[Task objective]: Lines from the one containing "2018 Buick Regal" through the final line of the data, restated word for word and free of pictures, make up the whole answer.
- - - - - - -
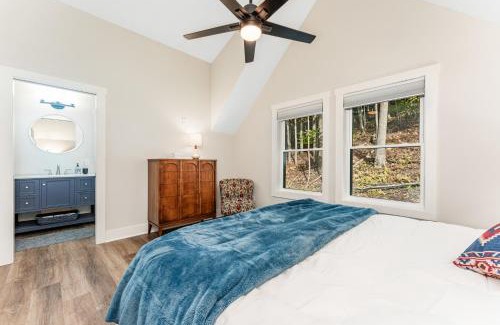 Alpine Lake Ski Chalet | New Wintervue Home With Fireplace - Pet Friendly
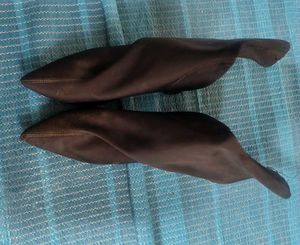 Chic Black Pointed Toe Boots
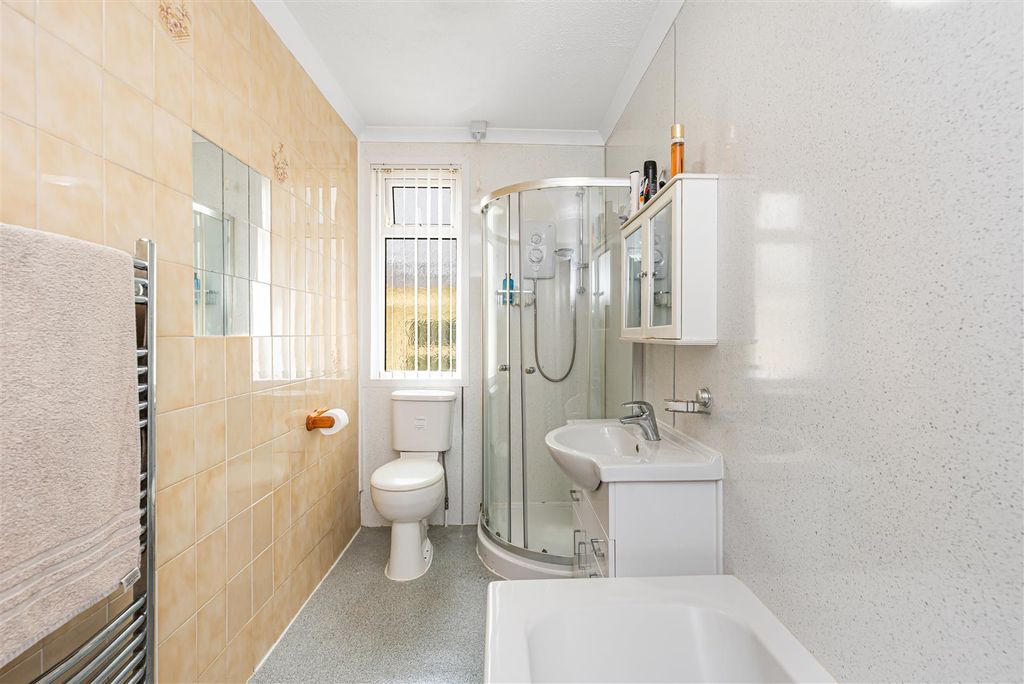 Property photo 3 of 31 Bathroom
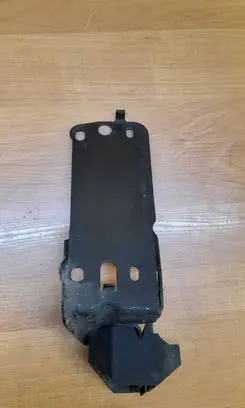 BMW 3 E92 E93 Radiator support slam panel bracket 23781010 7117811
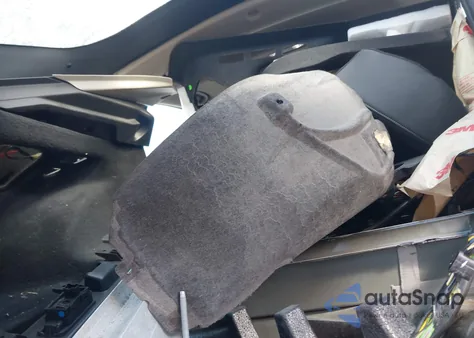 2018 Buick Regal Sportback Essence z USA, uszkodzony, nr VIN W04GR6SX6J1143509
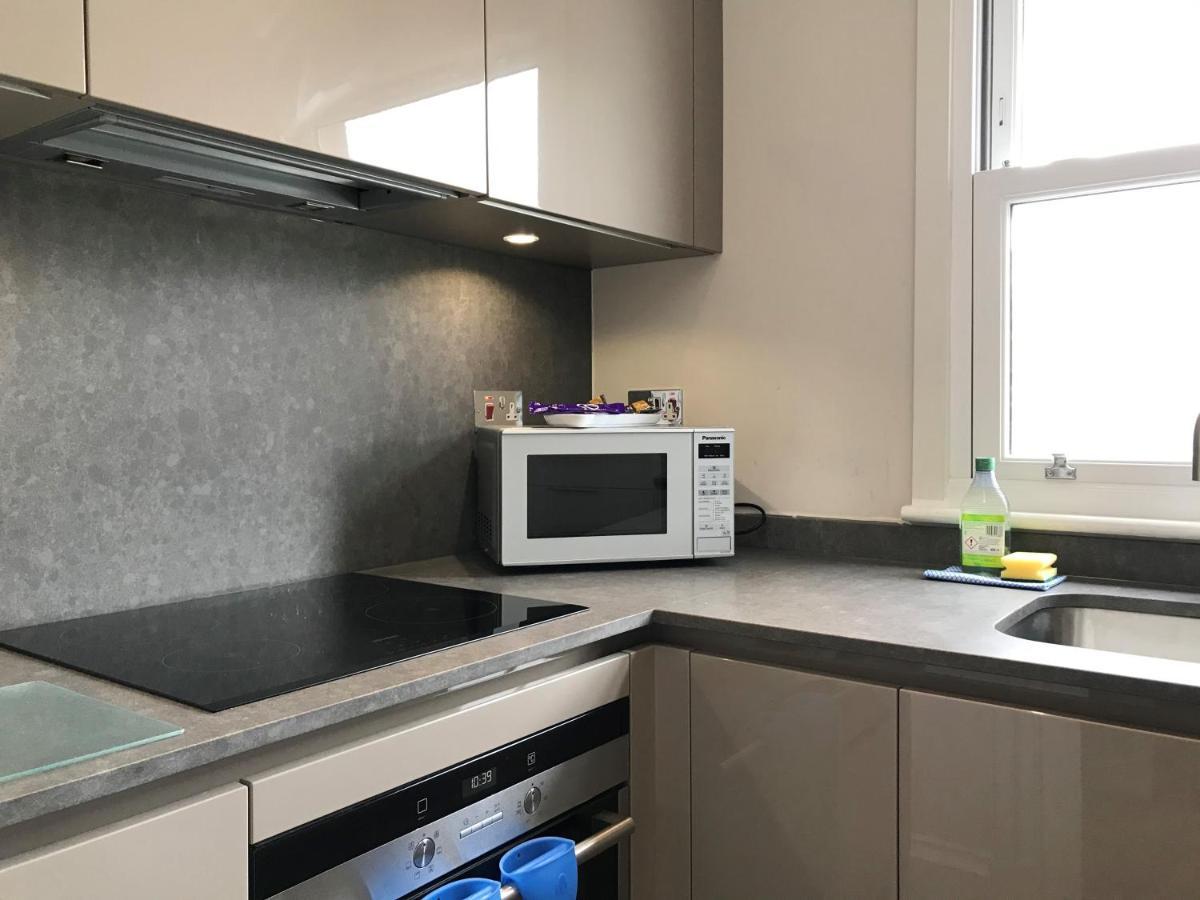 לונדון 25 Ongar Road By Viridian Apartments מראה חיצוני תמונה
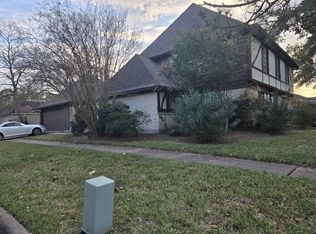 9003 Haverstock Dr, Houston, TX 77031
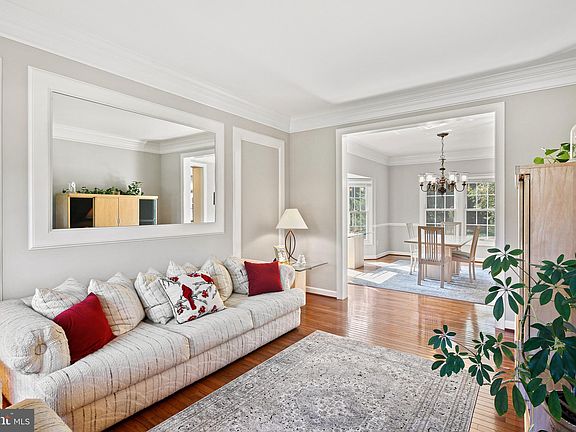 2nd image of 100 Fordham Dr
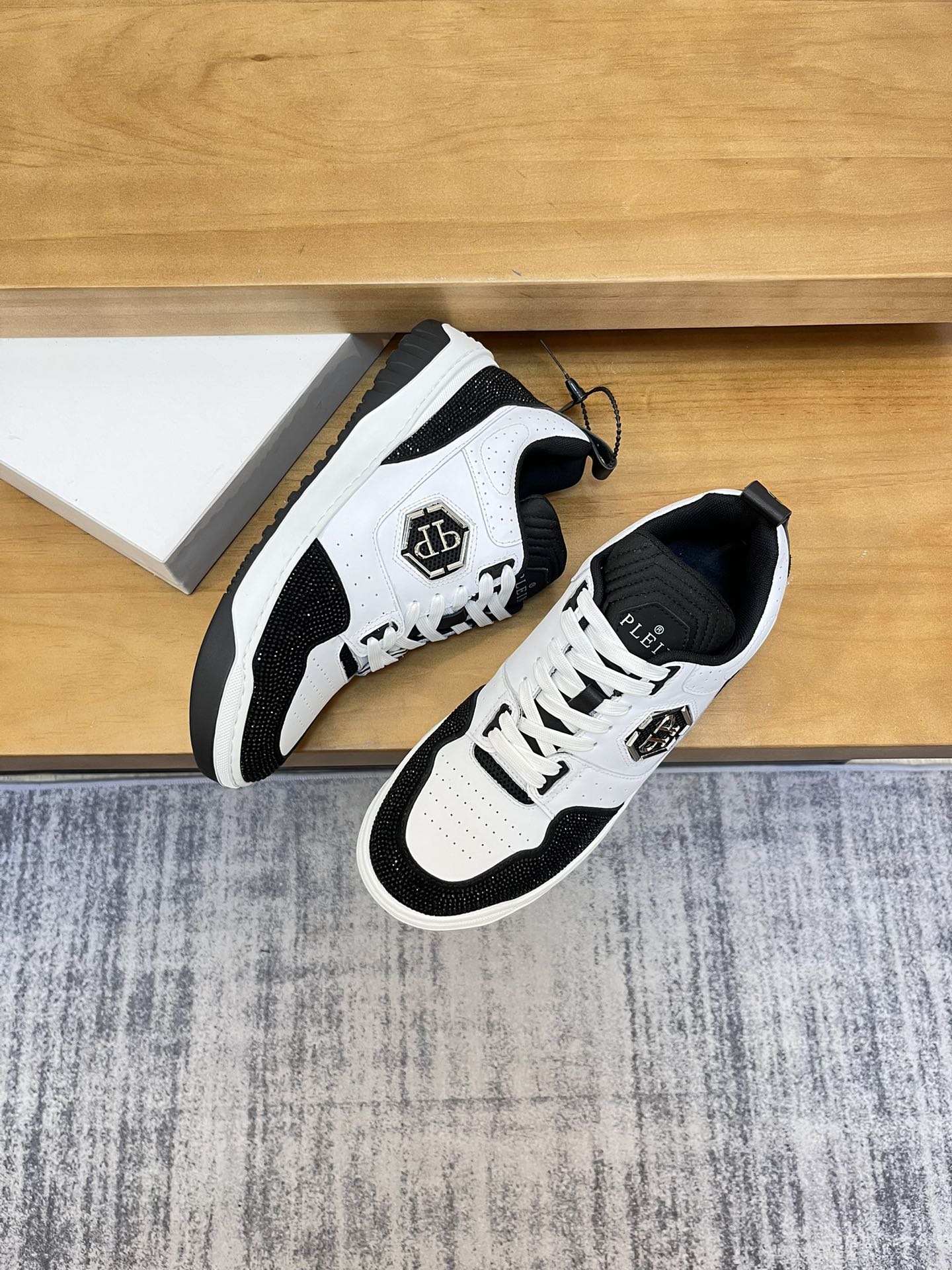 Precio de venta: P310Top QualityTrademark: PP*"Phillip Pry*"Low-top Casual ShoesSize: 39-46 (39.46 a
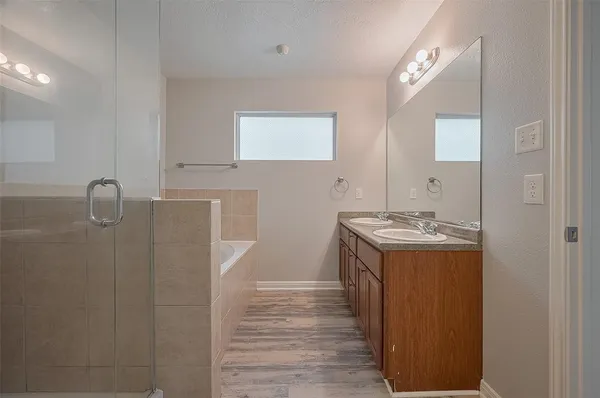 $1,950 | 5009 Willow Point Drive, Conroe, TX 77303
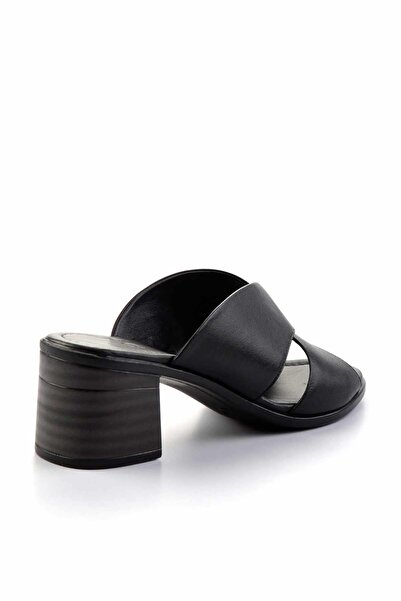 Bambi Siyah Leather Kadın Terlik K04290023403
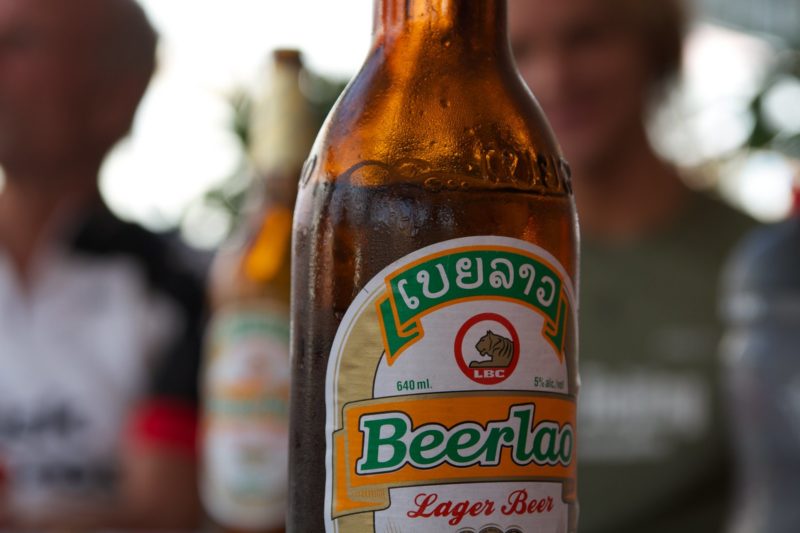 BeerLao thừa nhận để xuất hiện chất cặn bẩn trong chai bia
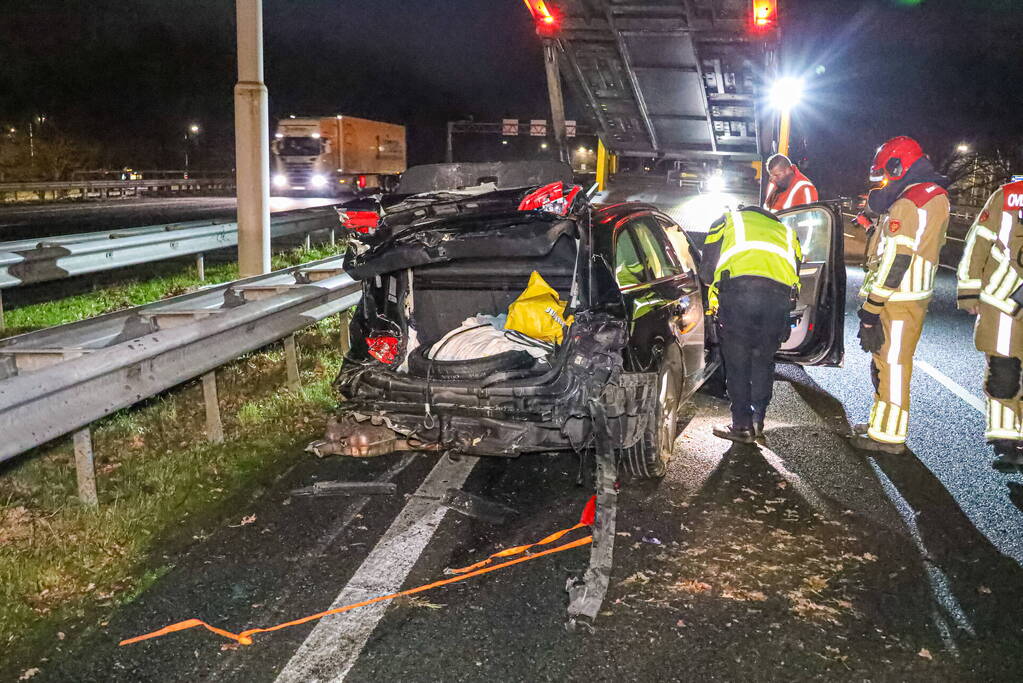 Snelweg dicht door ongeval, inzittenden op de vlucht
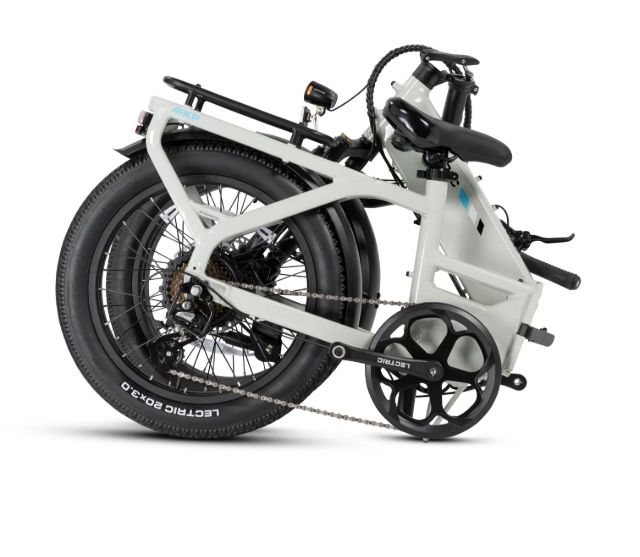 XP4 750 Step-Thru Stratus White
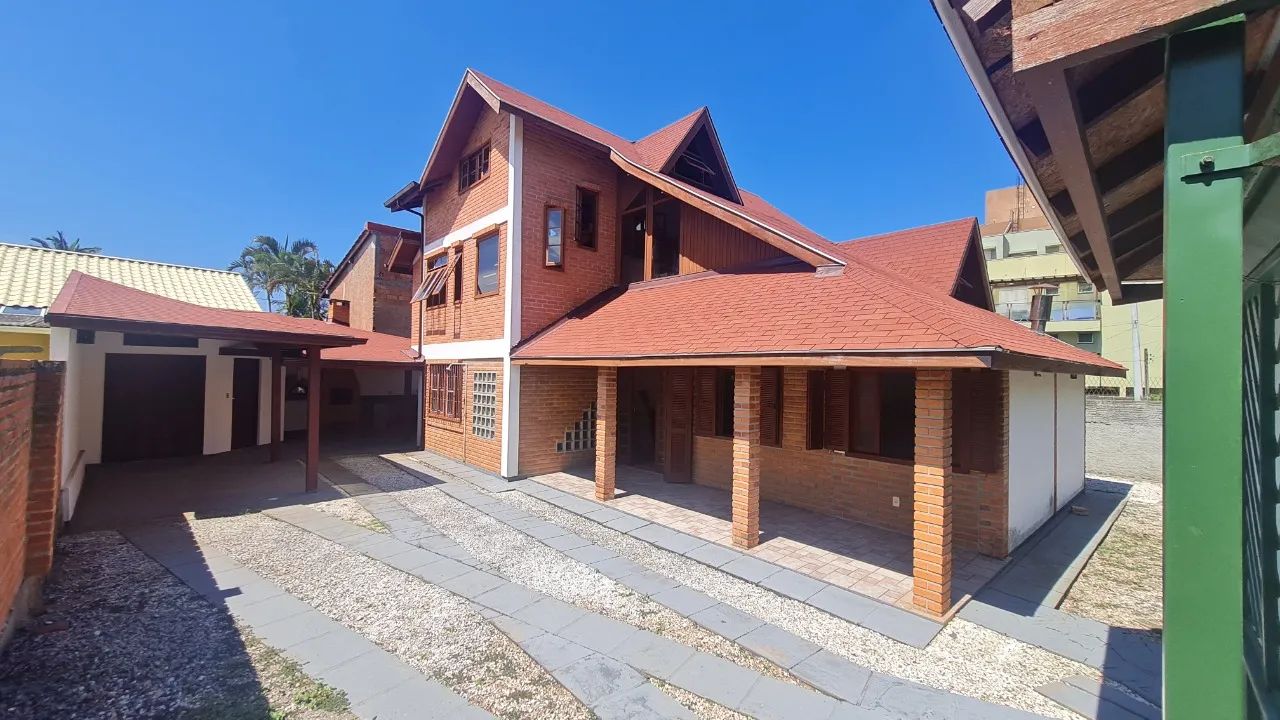 Casa de 4 dormitórios no Morro das Pedras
- - - - - - -
[Answer space]:
 2018 Buick Regal Sportback Essence z USA, uszkodzony, nr VIN W04GR6SX6J1143509
 לונדון 25 Ongar Road By Viridian Apartments מראה חיצוני תמונה
 9003 Haverstock Dr, Houston, TX 77031
 2nd image of 100 Fordham Dr
 Precio de venta: P310Top QualityTrademark: PP*"Phillip Pry*"Low-top Casual ShoesSize: 39-46 (39.46 a
 $1,950 | 5009 Willow Point Drive, Conroe, TX 77303
 Bambi Siyah Leather Kadın Terlik K04290023403
 BeerLao thừa nhận để xuất hiện chất cặn bẩn trong chai bia
 Snelweg dicht door ongeval, inzittenden op de vlucht
 XP4 750 Step-Thru Stratus White
 Casa de 4 dormitórios no Morro das Pedras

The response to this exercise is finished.